Professor Franklin H. Gidding’s sociology lectures at Columbia University often drifted off topic. As World War I drew to a close in 1918, Giddings increasingly voiced his disdain for German and Russian political policy. The classroom diatribes, which were not welcome by some students, displayed Giddings’ intellectual range and compelling speaking style but also revealed his at-times overbearing personality and dogmatic nature, according to Clarence H. Northcott, a scholar and author of a chapter on Giddings in An Introduction to the History of Sociology, published in 1948.
It was a mix of these traits that launched Giddings career as a pioneering American sociologist. He drew on varying intellectual influences, ranging from Charles Darwin’s theories of evolution to his work as a Union civil engineering student, to build his career in sociology. He employed scientific principles to produce an analysis of human society that helped move sociology into the realm of research science.
Before entering Union, Giddings studied the work of Darwin, Herbert Spencer, Thomas Henry Huxley and John Tyndall. After leaving Union in 1875, he became a newspaper editor, writer, statistician and later a full-time professor and leading social scientist. From the mid-1890s until his death in 1931, Giddings authored several books in the then-fledgling field of sociology, became well known for his theory of “consciousness of kind” and is today considered one of the founders of American sociology.
“To sum up, Giddings approaches the social process from the standpoint of a psychologist who is a statistician and a scientist,” Northcott wrote.
Giddings was born in March 1855 in Sherman, Conn. to a well-known orthodox Congregationalist minister named Edward Jonathan Giddings. The younger Giddings did not follow his father’s path of religious instruction, but instead studied under his two grandfathers, and pursued surveying and mechanical drawing and the art of tanning, according to Ellsworth R. Fuhrman, who wrote Giddings’ entry in American National Biography.
Giddings entered Union in 1873 and departed in 1875 for a job as associate editor of the Winston Connecticut Herald. In 1888, he was awarded a degree as a member of the Class of 1877. Giddings was given an honorary Union degree in 1897 and returned to the College as a guest lecturer on at least one occasion.
In the mid-1880s, Giddings became known as a writer for two Springfield, Mass. newspapers and worked for the Massachusetts Bureau of Labor Statistics. He was also publishing articles in scholarly and nonacademic journals, which enjoyed wide readership. In 1888, future U.S. President Woodrow Wilson, then a professor at Bryn Mawr College in Pennsylvania, invited Giddings to be a lecturer on politics, according to American National Biography.
In 1894 Giddings joined the faculty at Columbia, where he was the first full professor in sociology in the United States. He remained there as professor of sociology and the history of civilization for more than 35 years.
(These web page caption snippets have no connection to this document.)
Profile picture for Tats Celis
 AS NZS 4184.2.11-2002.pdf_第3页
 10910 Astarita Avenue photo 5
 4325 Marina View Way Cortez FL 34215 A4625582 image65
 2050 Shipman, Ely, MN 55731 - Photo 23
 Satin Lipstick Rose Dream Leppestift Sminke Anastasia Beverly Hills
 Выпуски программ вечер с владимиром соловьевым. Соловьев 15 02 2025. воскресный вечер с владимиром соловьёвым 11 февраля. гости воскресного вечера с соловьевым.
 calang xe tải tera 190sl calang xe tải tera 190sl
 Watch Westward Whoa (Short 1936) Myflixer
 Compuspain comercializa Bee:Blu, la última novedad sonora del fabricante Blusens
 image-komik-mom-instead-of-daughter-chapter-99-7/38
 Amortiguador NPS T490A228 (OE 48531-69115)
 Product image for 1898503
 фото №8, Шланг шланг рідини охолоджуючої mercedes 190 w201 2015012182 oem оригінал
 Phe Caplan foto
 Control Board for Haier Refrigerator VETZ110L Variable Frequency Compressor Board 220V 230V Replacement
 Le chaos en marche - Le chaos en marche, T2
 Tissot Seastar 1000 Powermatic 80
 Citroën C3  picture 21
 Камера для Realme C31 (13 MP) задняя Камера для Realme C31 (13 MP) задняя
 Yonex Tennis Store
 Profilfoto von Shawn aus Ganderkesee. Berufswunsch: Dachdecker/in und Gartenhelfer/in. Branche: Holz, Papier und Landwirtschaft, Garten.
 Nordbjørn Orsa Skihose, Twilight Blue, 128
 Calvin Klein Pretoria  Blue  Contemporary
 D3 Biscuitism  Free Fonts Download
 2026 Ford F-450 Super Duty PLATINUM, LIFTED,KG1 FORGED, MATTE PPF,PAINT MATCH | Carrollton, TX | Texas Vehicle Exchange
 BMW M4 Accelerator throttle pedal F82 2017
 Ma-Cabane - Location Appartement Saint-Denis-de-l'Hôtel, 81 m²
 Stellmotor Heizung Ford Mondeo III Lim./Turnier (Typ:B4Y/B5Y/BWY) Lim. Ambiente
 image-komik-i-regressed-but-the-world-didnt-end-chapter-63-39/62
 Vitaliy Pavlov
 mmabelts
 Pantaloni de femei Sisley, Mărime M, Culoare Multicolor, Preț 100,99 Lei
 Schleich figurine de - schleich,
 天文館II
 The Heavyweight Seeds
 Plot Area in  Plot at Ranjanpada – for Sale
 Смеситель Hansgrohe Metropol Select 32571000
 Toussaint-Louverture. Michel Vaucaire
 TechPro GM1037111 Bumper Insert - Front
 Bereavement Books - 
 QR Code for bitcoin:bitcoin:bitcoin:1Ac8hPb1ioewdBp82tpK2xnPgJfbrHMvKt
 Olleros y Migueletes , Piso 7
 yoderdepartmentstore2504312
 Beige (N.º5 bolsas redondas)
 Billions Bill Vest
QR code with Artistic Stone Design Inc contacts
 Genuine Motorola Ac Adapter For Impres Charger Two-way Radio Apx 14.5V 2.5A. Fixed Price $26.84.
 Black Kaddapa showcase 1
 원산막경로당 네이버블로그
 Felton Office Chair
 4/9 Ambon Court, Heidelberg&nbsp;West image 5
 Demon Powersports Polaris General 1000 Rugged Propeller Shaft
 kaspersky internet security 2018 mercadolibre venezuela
In the footnotes of Northcott’s book chapter on Giddings, he and book editor Harry Elmer Barnes, write:
“No other American sociologist could lecture with the power, conciseness and organization that Giddings could exhibit when he wished to do so, but he rarely conducted a course systematically, and at times, a course of lectures might bear little resemblance to the subject matter announced. That was especially true after 1914. In a certain sense, Giddings was an intellectual ‘war casualty.’ He was veritably obsessed with anti-Germanism, which after 1918, turned into anti-Bolshevism, and for years his lectures were more diatribes against his pet hates than calm sociological analysis. But, however little they might contribute to sociological clarification, they were always interesting and stimulating.”
Yet in much of his scholarly work, Giddings was a calm analyst who laid a foundation for hsi successors. [Editor's note: The printed magazine contained an error in this sentence.]
Giddings best-known contribution to sociology was the theory of consciousness of kind, which sought to explain the evolution of knowledge and society, according to Fuhrman.
“[Consciousness of kind] is that pleasurable state of mind which included organic sympathy, the perception of resemblance, conscious or reflective sympathy, affection, and the desire for recognition,” wrote Giddings in Elements of Sociology, published in 1898.
Consciousness of kind develops naturally among a group over a long period of time and dictates reaction to stimuli, according to Giddings. After humans developed language, Giddings theorized that the emotions connected with consciousness of kind converted the herd or pack into society, according to Northcott.
Giddings would go on to author several more books, some colored by his political beliefs, and others that were largely scientific, like Studies in the Theory of Human Society, published in 1924. He saw his work as a kind of psychology of society, based in statistical method, aimed at categorizing group behavior and providing a criticism that might help build a social ideal.